The incident took place at John F. Kennedy Airport in New York on December 5. Cho, the then head of the airline's in-flight service, was traveling first class. Apparently enraged by the fact that she had been served macadamia nuts in their wrapping instead of on a plate, she forced the plane to return to the gate after a heated confrontation with the cabin crew. She also ordered the chief flight attendant off the plane.

Cho was taken in custody on December 30 and had pleaded not guilty to all the four charges brought against her. She has now been convicted of breaking aviation law, together with another charge and given a one year in jail. However, prosecutors had been seeking a three-year jail sentence.

Prosecutors are also seeking two-year jail sentences for a Korean Air executive who has been accused of pressurizing the cabin crew to cover up the incident, as well as for a transport ministry official and former Korean Air employee for leaking details of the ministry's investigation. Their verdicts are expected to be delivered later this month.

Cho had pleaded that her actions resulted from her devotion to work and that the flight attendants had not been following the proper working procedures.
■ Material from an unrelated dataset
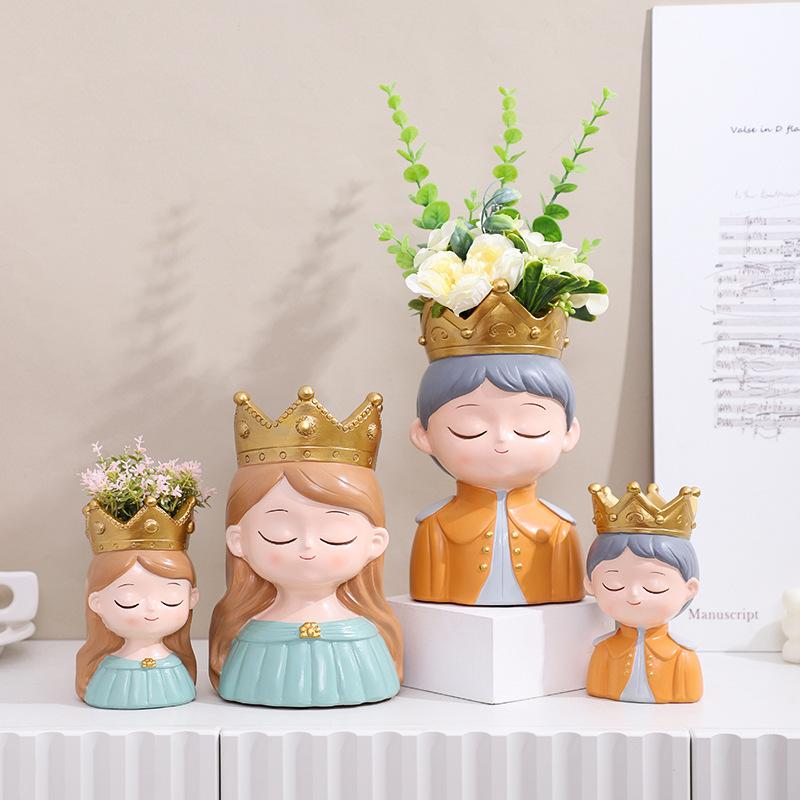 Chậu cây mọng nước hoàng tử công chúa cổ tích resin, chậu mini trang trí bàn, nhà và sân vườn (RG-114)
She even admitted using violence in that she pushed one flight attendant and threw an object at her.

As regards the most serious charge of changing a flight's route, Cho's lawyers pleaded that the plane had been just a few meters from the gate when it turned back. Cho further deposed that while ordering the chief flight attendant off the plane, she had not realized that it constituted a risk to safety since he was the chief law enforcement authority during the flight.

Cho's behavior, dubbed "nut rage," created a major scandal in South Korea where the economy is dominated by conglomerates run by families who often behave as if they were above the law.